- WHAT THE TASK ASKS:
Within the entries below, please return exactly the lines from the one with "Hey guys, welcome" through the one with "That sounds like", leaving out any pictures.

---------- DATASET

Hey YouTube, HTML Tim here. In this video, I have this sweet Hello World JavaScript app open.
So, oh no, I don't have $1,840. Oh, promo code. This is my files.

--------------------
---------- DATASET

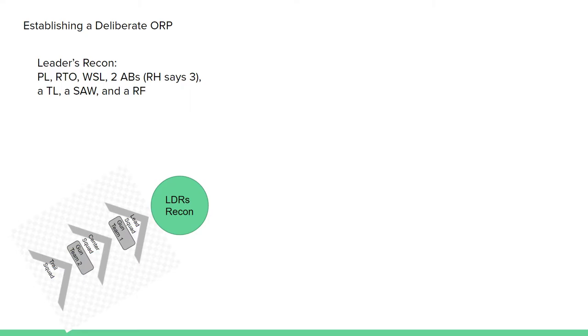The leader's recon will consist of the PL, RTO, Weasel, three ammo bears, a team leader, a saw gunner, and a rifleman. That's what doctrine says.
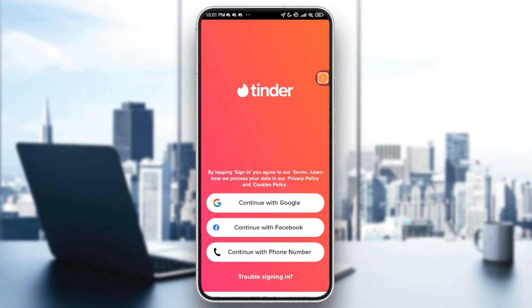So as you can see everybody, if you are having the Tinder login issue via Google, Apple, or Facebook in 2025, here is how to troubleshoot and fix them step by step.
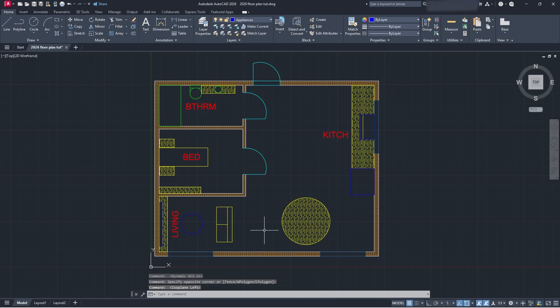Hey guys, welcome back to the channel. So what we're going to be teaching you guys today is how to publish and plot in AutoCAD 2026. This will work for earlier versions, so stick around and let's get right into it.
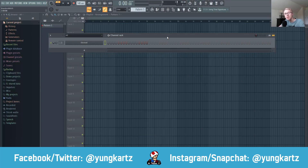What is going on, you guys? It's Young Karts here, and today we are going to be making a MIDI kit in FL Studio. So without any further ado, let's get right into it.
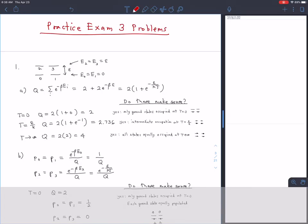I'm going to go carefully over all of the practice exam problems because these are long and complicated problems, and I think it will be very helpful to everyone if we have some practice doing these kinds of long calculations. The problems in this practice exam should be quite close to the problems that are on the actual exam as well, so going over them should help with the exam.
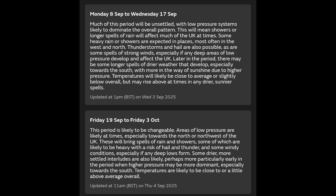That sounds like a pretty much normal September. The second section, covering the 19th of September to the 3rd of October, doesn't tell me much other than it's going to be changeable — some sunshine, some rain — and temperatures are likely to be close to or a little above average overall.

--------------------

- WRITTEN RESPONSE:
Hey guys, welcome back to the channel. So what we're going to be teaching you guys today is how to publish and plot in AutoCAD 2026. This will work for earlier versions, so stick around and let's get right into it.
What is going on, you guys? It's Young Karts here, and today we are going to be making a MIDI kit in FL Studio. So without any further ado, let's get right into it.
I'm going to go carefully over all of the practice exam problems because these are long and complicated problems, and I think it will be very helpful to everyone if we have some practice doing these kinds of long calculations. The problems in this practice exam should be quite close to the problems that are on the actual exam as well, so going over them should help with the exam.
That sounds like a pretty much normal September. The second section, covering the 19th of September to the 3rd of October, doesn't tell me much other than it's going to be changeable — some sunshine, some rain — and temperatures are likely to be close to or a little above average overall.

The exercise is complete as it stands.